▼
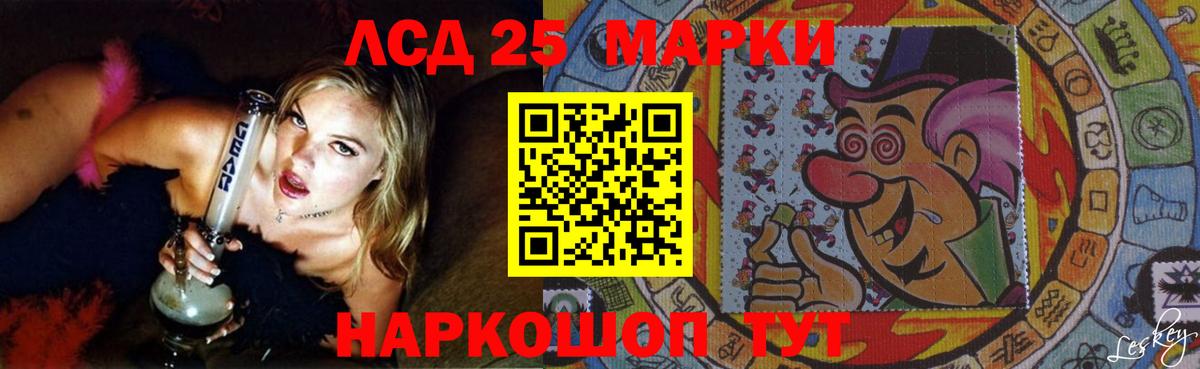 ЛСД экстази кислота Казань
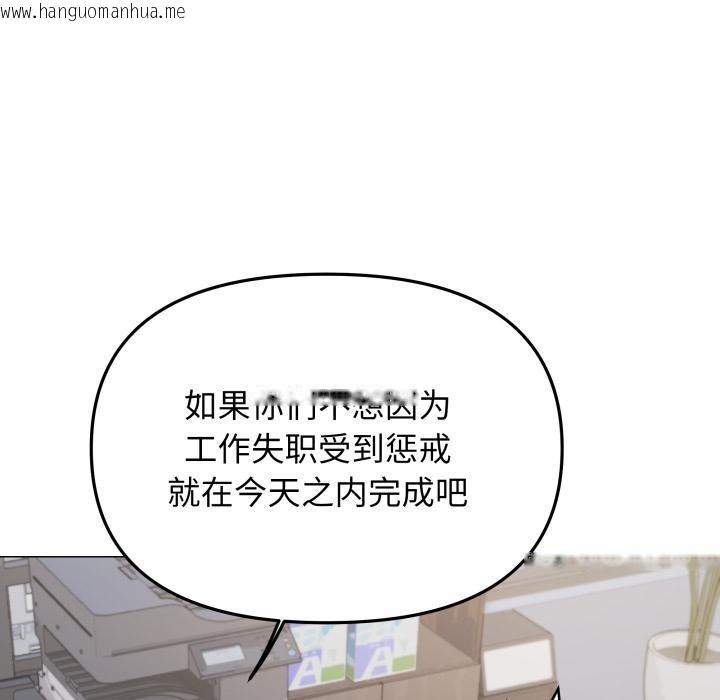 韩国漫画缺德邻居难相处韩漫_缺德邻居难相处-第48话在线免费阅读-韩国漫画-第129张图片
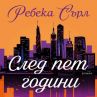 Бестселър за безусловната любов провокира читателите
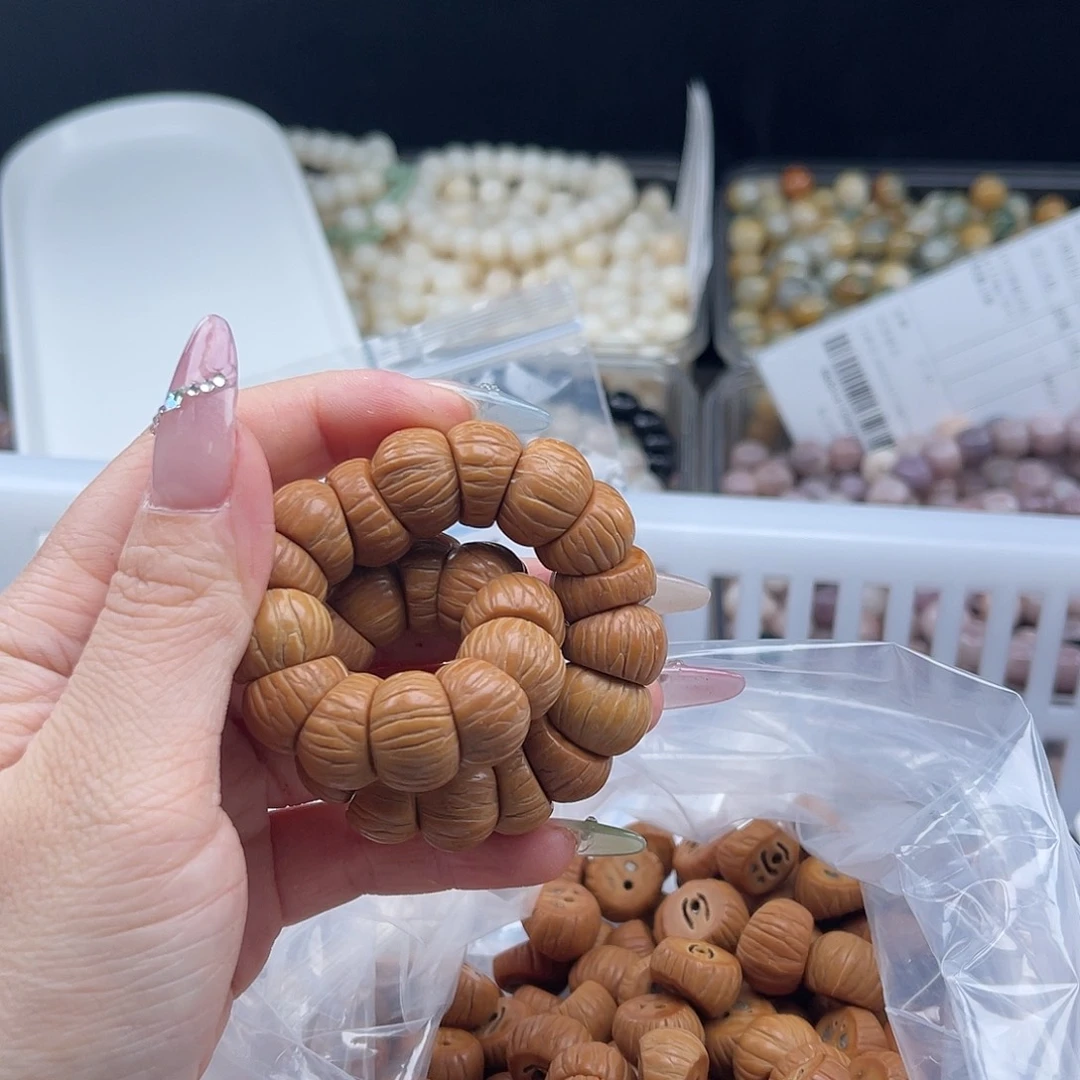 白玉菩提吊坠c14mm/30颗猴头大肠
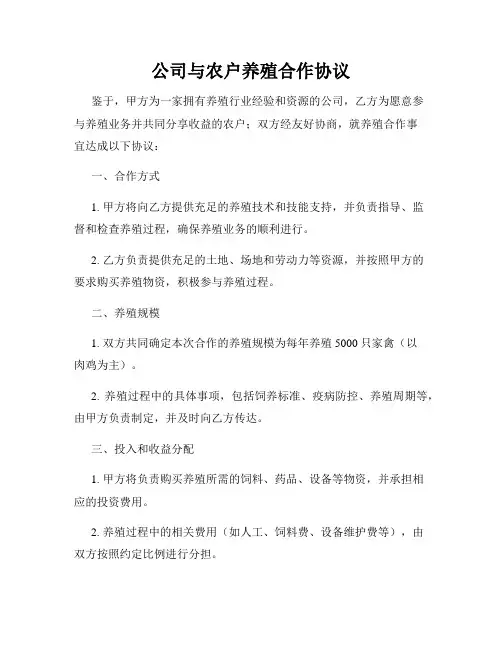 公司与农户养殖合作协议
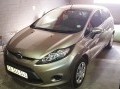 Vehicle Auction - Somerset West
▲
▼
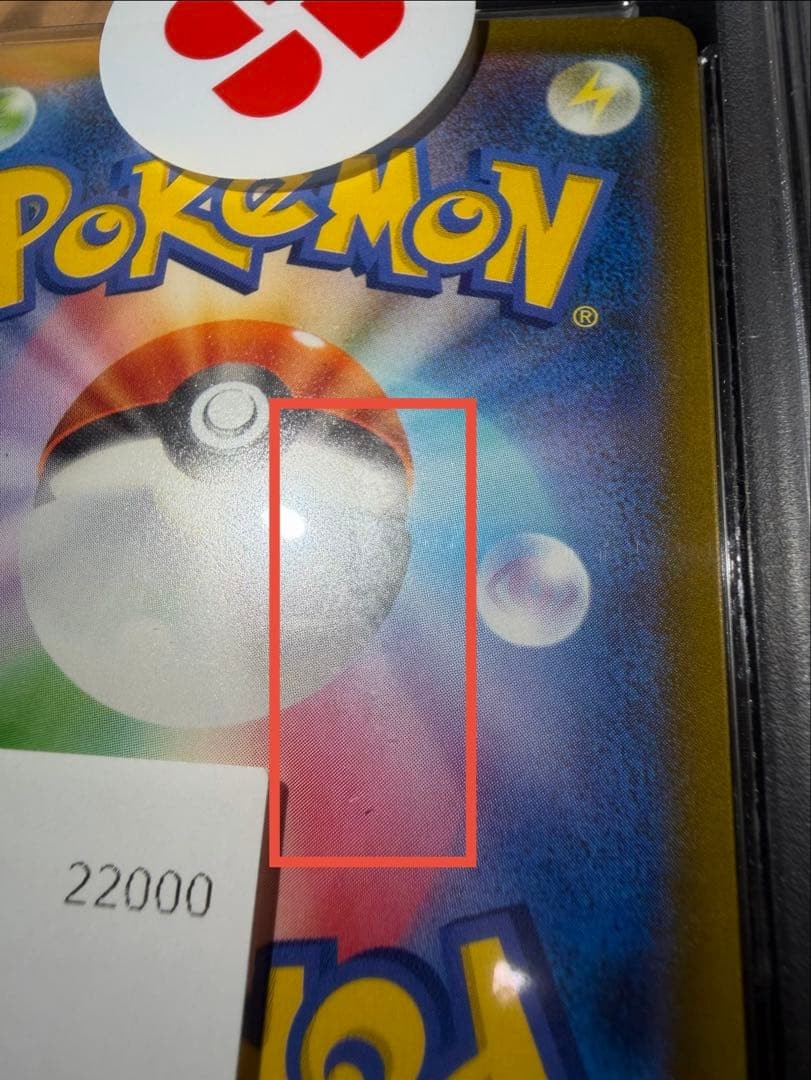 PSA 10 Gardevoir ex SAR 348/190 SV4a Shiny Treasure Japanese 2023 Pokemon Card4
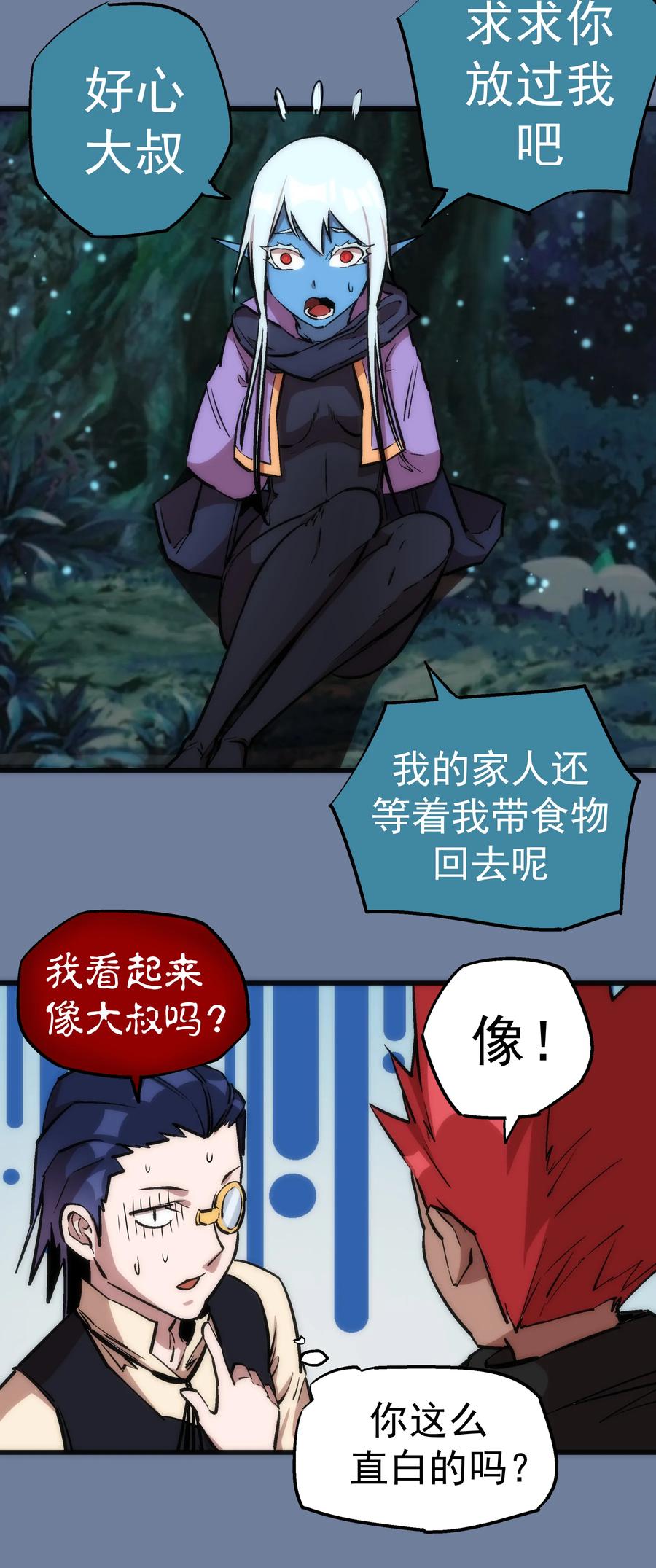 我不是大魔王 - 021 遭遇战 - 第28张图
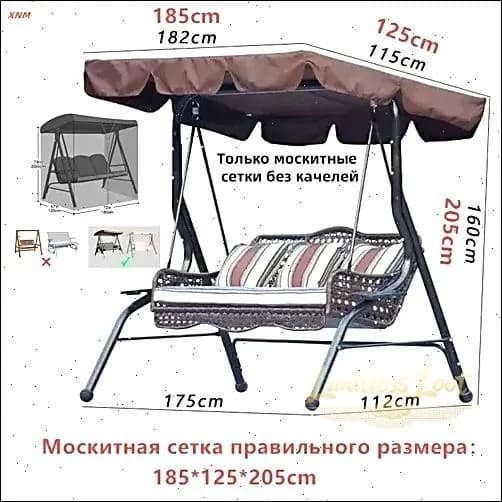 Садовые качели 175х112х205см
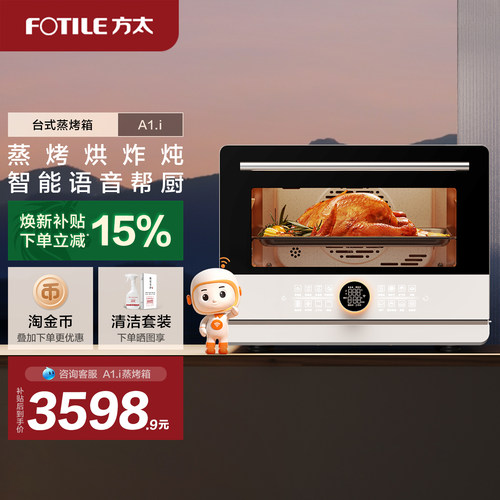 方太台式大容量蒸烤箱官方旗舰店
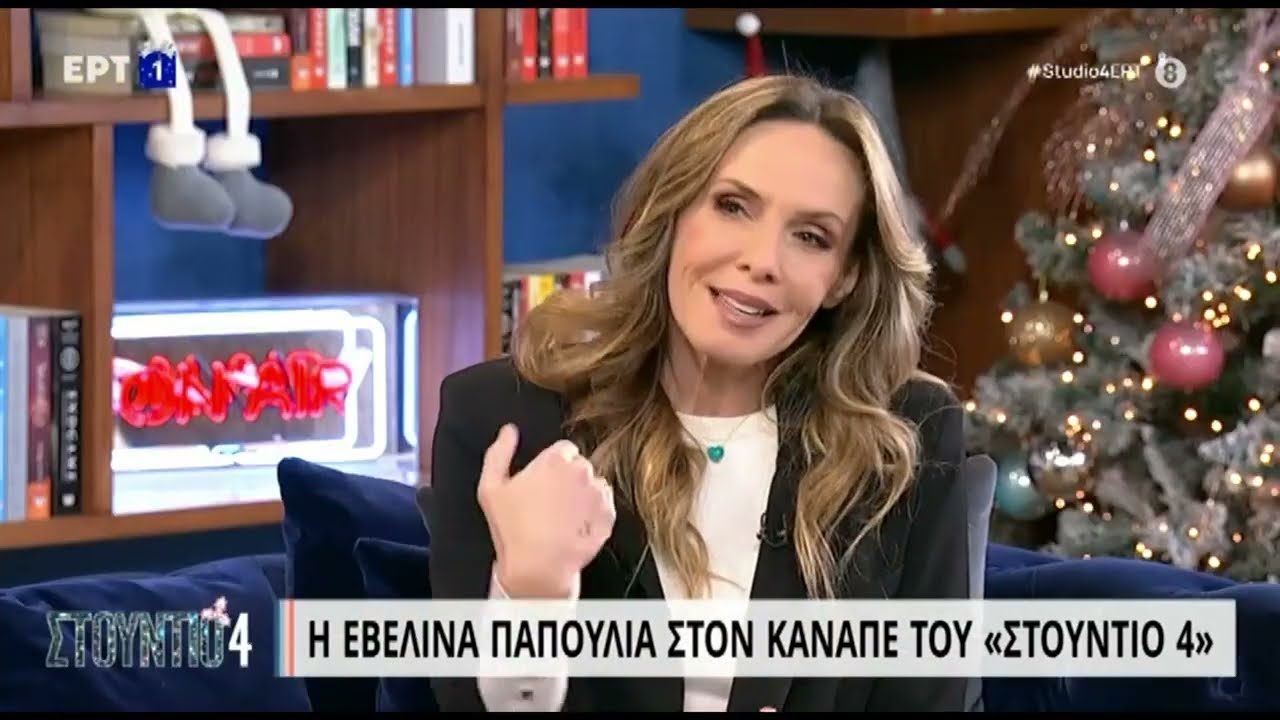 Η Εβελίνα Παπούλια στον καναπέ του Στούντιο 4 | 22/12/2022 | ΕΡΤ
▲
## Assignment
Transcribe the lines above exactly, beginning at the one with "ЛСД экстази кислота Казань" and ending at the one with "Vehicle Auction - Somerset West". Include both; exclude the pictures.

## Answer for this exercise
 ЛСД экстази кислота Казань
 韩国漫画缺德邻居难相处韩漫_缺德邻居难相处-第48话在线免费阅读-韩国漫画-第129张图片
 Бестселър за безусловната любов провокира читателите
 白玉菩提吊坠c14mm/30颗猴头大肠
 公司与农户养殖合作协议
 Vehicle Auction - Somerset West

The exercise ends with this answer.